Basically it means "before" and is not used to denote time periods the way "for" is used in English.


----------



## arielipi

שלשום
אשתקד
אמש\אתמול

lifney doesnt mean for... it is equal to before/ago.
me'az is equal to since.
for is not direct translatable.


----------



## babaz

Sorry, that means "before" but also "ago" ("il y a") ?

Why couldn't we use me'az to translate "for" ?
I'm here for two hours.
Ani po me'az chte cha'ot.


----------



## Carrot Ironfoundersson

babaz said:


> Sorry, that means "before" but also "ago" ("il y a") ?
> 
> Why couldn't we use me'az to translate "for" ?
> I'm here for two hours.
> Ani po me'az chte cha'ot.



OK, first of all, the dual of שעה is שעתיים. 

מאז is a conjunction and can be translated as "since": אנחנו מכירים מאז שהיינו ילדים = We've known each other since we were kids. מאז אתמול לא אכלתי כלום = I haven't eaten since yesterday.

If you want to say something like _I've been here for two hours_, you can just say אני פה (כבר) שעתיים.


----------



## babaz

Ok, thanks !

I thought "kvar" only meant "already".


----------



## babaz

Therefore, אני פה לפני שעתיים is also correct, I suppose.


----------



## Carrot Ironfoundersson

babaz said:


> Ok, thanks !
> 
> I thought "kvar" only meant "already".



I does mean "already", and you can omit it It's just that without כבר the sentence didn't seem complete to me. Another example: אנחנו גרים בדירה הזאת חודשיים = We've been living in this apartment for two months.


----------



## origumi

babaz said:


> Therefore, אני פה לפני שעתיים is also correct, I suppose.

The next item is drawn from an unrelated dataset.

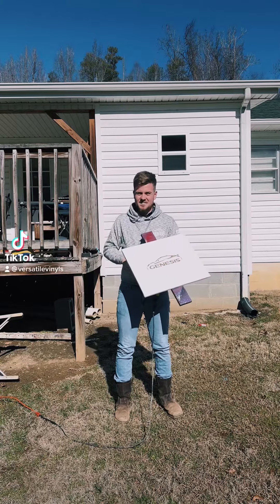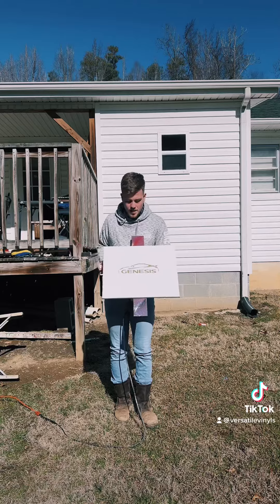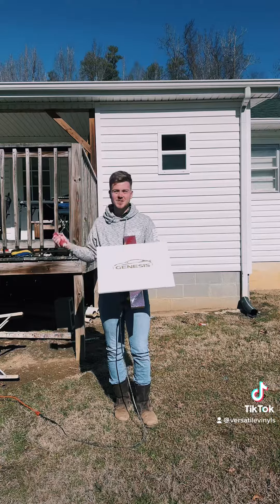What's up guys, welcome back to First Child Vinyl. Today we are going to be doing a silhouette — well, not really a silhouette — but the Genesis Coupe car. Someone from Enchanted Boutique actually ordered this, so let's go ahead and do the thing.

לפני שעתיים is a single point in time. Therefore you better say אני פה *מ*לפני שעתיים.


----------



## babaz

מלפני = for
מאז = since


----------



## Ali Smith

How do you say _ago_ in classical Hebrew? I know לפני can only mean "in front of" (in the sense of "in the presence of") in classical Hebrew. It is never used in the temporal sense in classical Hebrew.


----------



## Drink

Never? You should be a lot more cautious before making such statements.

Gesenius cites the following verses as examples of the temporal sense: Amos 1:1, Gen 13:10, Gen 29:26, Pro 8:25, Zech 8:10, Gen 30:30, Jerem 28:8, and more.


----------



## GeriReshef

Translation is not word by word.. Each language has its own formulations, expressions, etc.
I was there two days *ago*. = הייתי שם לפני יומיים but also הייתי שם שלשום. In English you have only "two days" (and not the plural of two יומיים) and "before yesterday".

On the other hand, in English you have "ago" and "before" (they are not synonyms and each one has its own functionality) while in Hebrew we have  לפני (which replaces both of them) but also בטרם (which replaces only before).

בטרם Jeremiah 1 5


----------